= EXERCISE DIRECTIONS =
An exact copy of every record below is required, with the pictures left out.
■ ■ ■ ■ ■ ■ ■
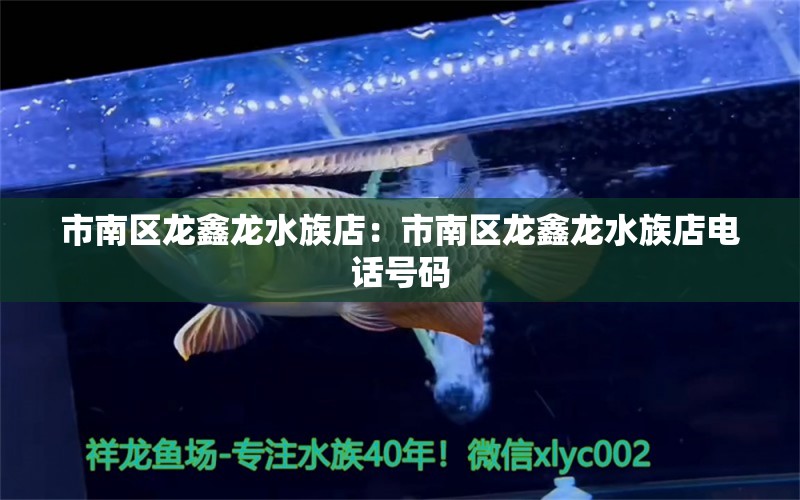 市南區(qū)龍鑫龍水族店：市南區(qū)龍鑫龍水族店電話號碼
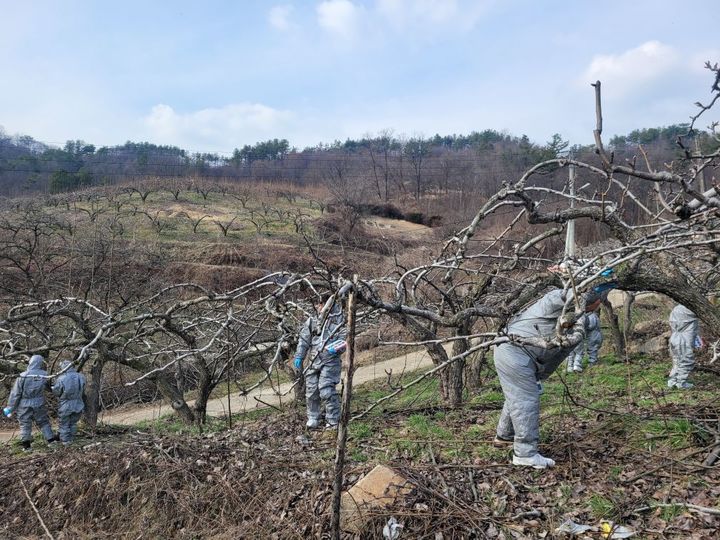 [공주=뉴시스] 과수 화상병 사전제거 예찰 모습.(사진=공주시 제공) 2025.01.31. photo@newsis.com *재판매 및 DB 금지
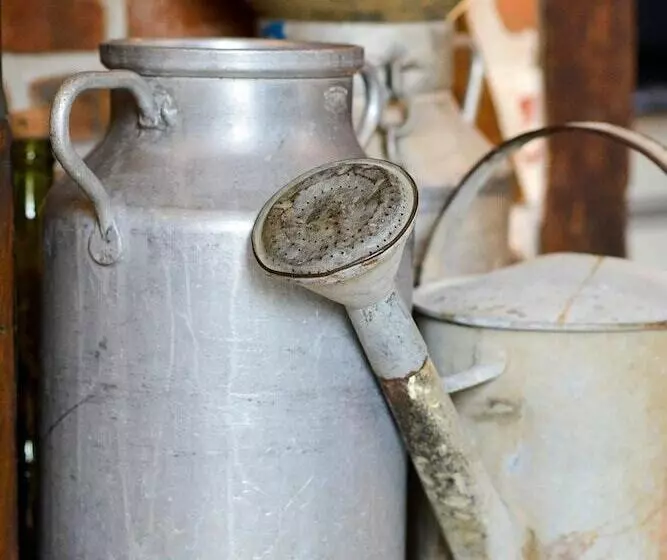 Hotel Logis Hôtel Restaurant Le Vieux Fusil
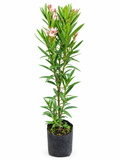 Laurel Enano Con Flor Rosa Claro
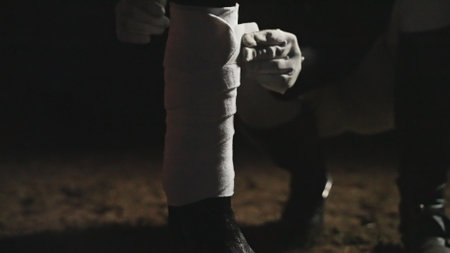 an unknown person squatting on the ground bandages the leg of a horse in gloves. High-quality photoの写真素材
■ ■ ■ ■ ■ ■ ■
= ANSWER BOX =
 市南區(qū)龍鑫龍水族店：市南區(qū)龍鑫龍水族店電話號碼
 [공주=뉴시스] 과수 화상병 사전제거 예찰 모습.(사진=공주시 제공) 2025.01.31. photo@newsis.com *재판매 및 DB 금지
 Hotel Logis Hôtel Restaurant Le Vieux Fusil
 Laurel Enano Con Flor Rosa Claro
 an unknown person squatting on the ground bandages the leg of a horse in gloves. High-quality photoの写真素材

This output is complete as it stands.